Loughborough & District
Cycle Users' Campaign

(LDCUC Pedal Power-Issue 29)

A response from Peter Hopkins

I found John Franklin's letter most interesting. Although I am a volunteer Sustrans Ranger (Birstall-Osgathorpe, NCN Route 6), I must confess that Margaret and I have an ambivalent attitude towards off-road cycle paths. They can be very useful and very enjoyable to ride, but the well-known ones are certainly not always the kind of cyclists' linear havens they are popularly supposed to be. So sometimes we use them; sometimes we avoid them. Why ?

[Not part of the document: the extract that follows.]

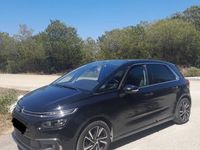 usado Citroën C4 Picasso 1.6 hdi caixa automática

Several years ago I had a letter published in the CTC magazine expressing our disquiet at the lack of any code for cycle path riding. Our experiences over several years on such diverse cycleways as the Tissington Trail, Rutland Water, Great Central Way and Bristol-Bath had led us to keep off routes like these at weekends and during popular holiday periods. It was clear that, merely because they were off the public highway, people felt that this somehow made them inherently safe and that there were therefore no rules and no need to signal: it was Do As You Please. In this respect, families were as guilty as the cowboys, if (thankfully) slower. Time and again we came across parties riding abreast across the full width of the path. Whether we were meeting them head-on or trying to pass them, it was impossible to guess how they would react and which way they would go. Some would wobble in mild panic, never would the whole group pull over to the same side, and many youngsters had a hair-raising tendency to change their minds unpredictably at the last moment, suddenly deciding to switch from riding with dad on the left side to mum on the right.

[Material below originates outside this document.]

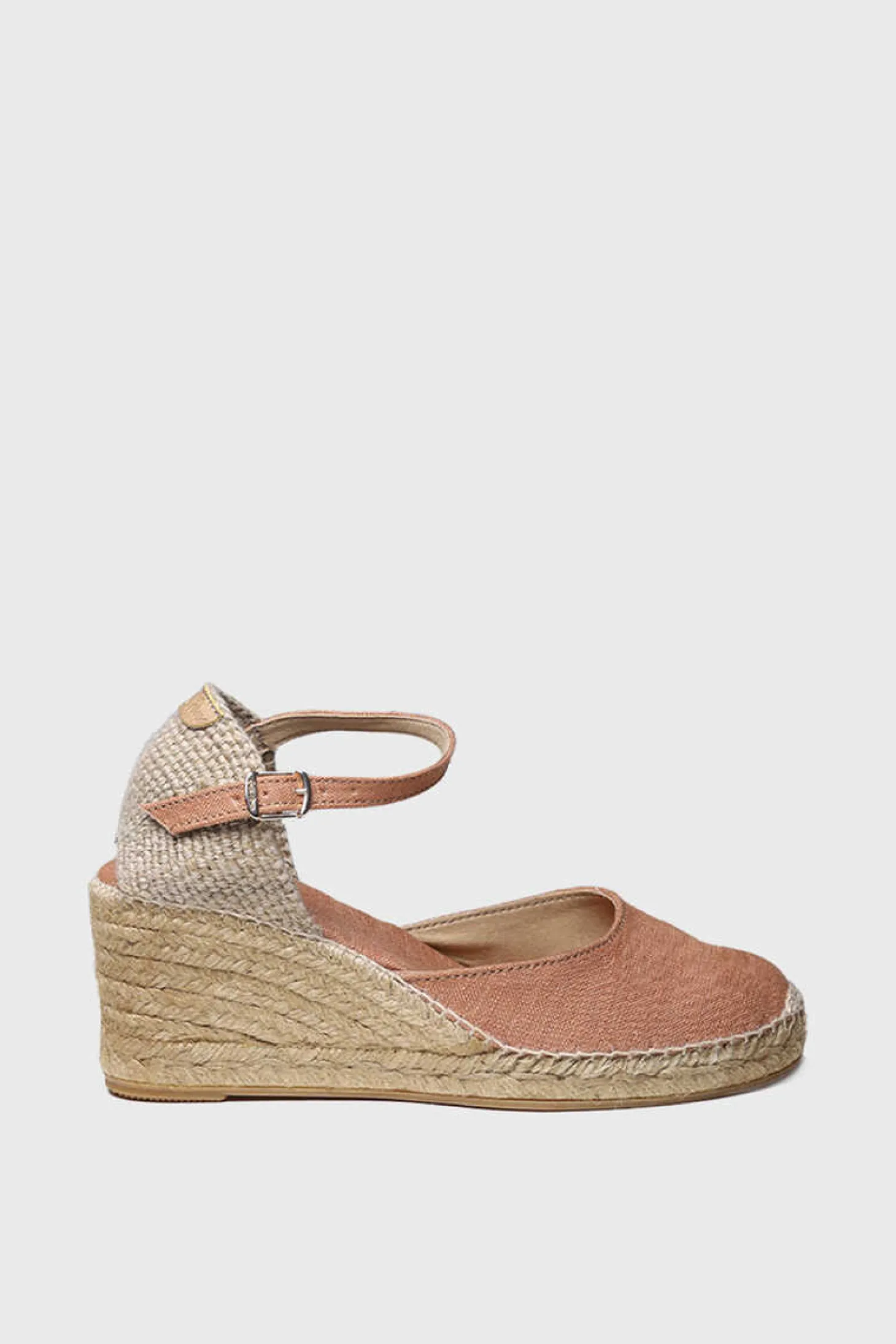 Alpercata Vegana - Caldes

On the tandem, which of course is not so easy to manoeuvre or quick to stop as a solo, this was very unnerving. At busy times we felt far safer on the ordinary roads: here at least there was a well-established code which was generally followed by all road-users, making their behaviour predictable. Ironically, most of the cycleway families would have a car parked at some access point on the route (the "car-borne leisure journeys" of JF's letter); it was only on the cycle path that discipline was abandoned.

And the wayward cyclists are only part of the problem. Dog walkers' charges, understandably off the lead and darting about in excitement, are almost as great a hazard as the cycle-borne swervers and wobblers.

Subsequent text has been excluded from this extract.